For instance, if a store closes during a national holiday, an employee can still receive their wage as if they had worked. Alternatively, if a store remains open, it can offer premium holiday pay to its employees as an incentive or to reward them for their work.
Whether an employee is eligible for holiday pay depends entirely on the employer and their policy. Since this type of compensation isn’t mandated by the Fair Labor Standards Act (FLSA), companies establish their own holiday pay rules.
As a result, employers determine which holidays will be covered, who is eligible for holiday pay (e.g., full-time vs. part-time employees), the rates to be applied, and the type of payment structure to be offered.
Holiday pay, while not legally mandated, is a part of an employee's compensation package. As such, companies are encouraged to offer it to their workers if they want to attract talent, retain their existing workforce, and improve morale and productivity.
Types of Holiday Pay
There are two main types of holiday pay:
- Paid time off. Employees receive their wages regularly, even though they haven’t worked for the holiday.
- Premium pay. Employees who work during a holiday are paid a premium. They will earn their salary at an increased rate (e.g., double time or time-and-a-half pay).

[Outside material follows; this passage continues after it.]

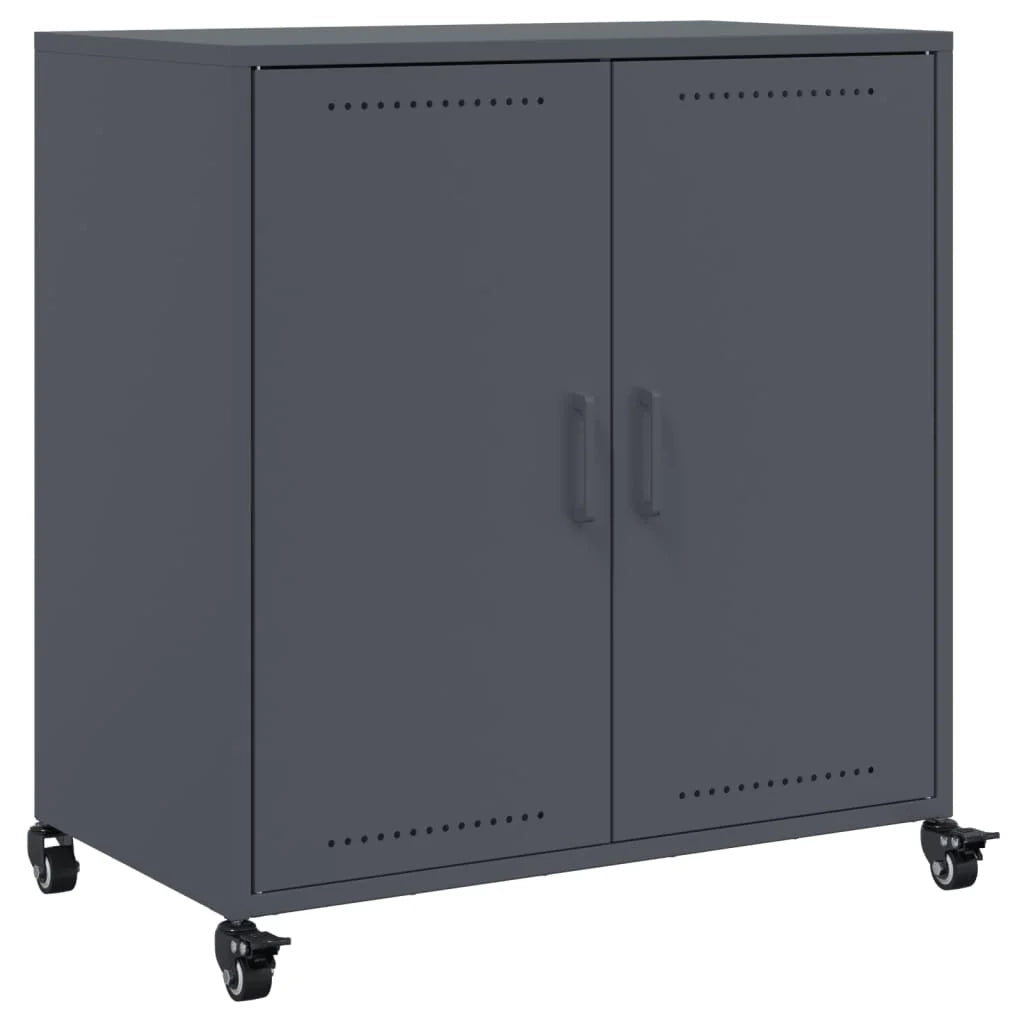 Buffet credenza cassettiera mobiletto mobile contenitore organizer per cucina soggiorno salotto 68,5 x 39 x 72 cm acciaio antracite 02_0029704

On top of that, employers can offer a floating holiday. This is a flexible solution that allows employees to choose which holidays they want to be paid for, even if they aren’t outlined in a company’s policy or holiday calendar.
Is Holiday Pay Required by Law?
Holiday pay is not required by federal law. The FLSA, which governs aspects such as minimum wage and overtime pay, does not require private businesses to compensate their workers for time not worked, which includes holidays. More than that, they don’t require companies to pay workers at a premium if they work on holidays, either.
Ultimately, paid time off for holidays or premium pay is a voluntary benefit that stems from the agreement between an employer and employee. However, there are some exceptions, though they are typically specific to some states, areas, or even industries.
For instance, employees on a government contract subject to the McNamara-O’Hara Service Contract Act (SCA) may be entitled to holiday pay. Another example includes businesses in Rhode Island that are required to pay employees time-and-a-half pay if they work on certain holidays.
That’s why, as a business, you should always check your state and local laws to see if there are any requirements regarding holiday pay.
On the other hand, if you’re an employee applying for a job, you should check the company’s policy or ask the employer or a relevant department whether they offer holiday pay as part of a compensation package.
Which Holidays Typically Qualify for Holiday Pay?
Many federal holidays typically qualify for holiday pay. Companies usually keep track of holidays and their workforce and choose dates that boost morale the most and keep the company competitive in the job market.
Private businesses most commonly offer pay for the following holidays:
- New Year’s Day (January 1)
- Birthday of Martin Luther King, Jr. (January 20)
- Memorial Day (last Monday in May)
- Independence Day (July 4)
- Labor Day (first Monday in September)
- Thanksgiving Day (fourth Thursday in November)
- Friday after Thanksgiving
- Christmas Day (December 25)
Other federal holidays that often qualify for holiday pay are:
- Washington’s Birthday (February 17)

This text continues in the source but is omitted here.